I believe the files are reported because AVG unpacks them (from some files found on your disk), stores them as a temp files on disk, now avast! resident protection detects them and reports.
If they are reported as [Joke] and [Tool], it’s probably nothing dangerous… but I think the report from avast! is intentional.
Real_Oldman, there is a possibility (remote) that avast and AVG could live together but only in Windows Vista.
If you don’t have it, just don’t try to test. Even if you disable one of them, even if you do not install some resident parts of AVG (like email)… sooner or later, trouble.

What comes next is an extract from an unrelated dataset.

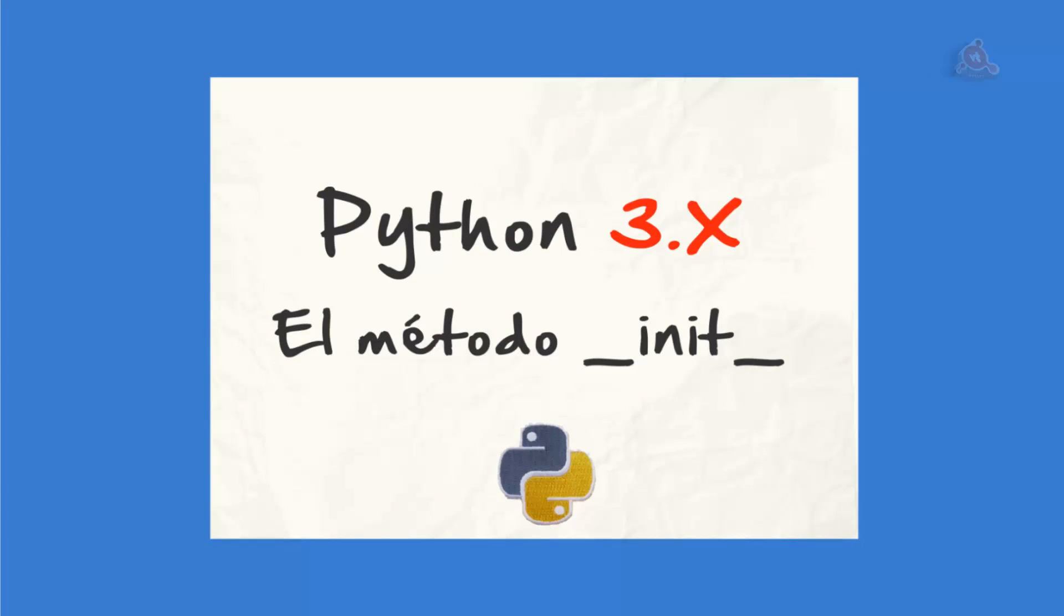La mayoría de los lenguajes de programación orientados a objetos cuentan con el concepto de un constructor, un método especial que crea e inicializa el objeto cuando es creado. Python es un poco diferente. Tiene un constructor y tiene un inicializador. Y además normalmente la función constructor no suele usarse, solo en casos muy excepcionales. Así que lo que vamos a ver nosotros ahora es cómo utilizar el método de inicialización.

As a convert to Avast - i’d say stick with it. I’ve played around [tested!] with both for a few months. Avast isn’t so cosmetic as AVG but i think it does updates more often and the screensaver is great. I leave the screen saver to my scanning.
Only thing i would say is email scanning isn’t worth bothering with - i manually scan my USB portable thunderbird. I did try the webmail for email scanning and then found there was a glitch - it wiped my inbox and created another directory.
I’d go further and say it’s often impossible to run more than 1 AV (resident.) Conflictions are likely (my experience from a while back) and I’ve read from a few experts that the level of protection can actually end up being less.
I’ve used AVG, Avira, Norton, and Avast. I prefer Avast, and believe it has, through its configurable options, webshield, and boot scan (currently u/s but should be fixed soon) a better level of protection.
Personally, I’d uninstall both of them, (be disconnected from the net) run a disk cleanup with CCleaner (or similar) restart, and install fresh the one you want to use.
If you choose Avast I doubt that you’ll be disappointed. I find the forum support excellent and fast, the program excellent, and have been pretty much malware free since using it. (With a few other security applications.)
I’ve used Portable Thunderbird and avast scanned its mail. To see if avast! is scanning emails, check one of these points:
Is the avast icon (the special one of email scanning) be shown in the system tray?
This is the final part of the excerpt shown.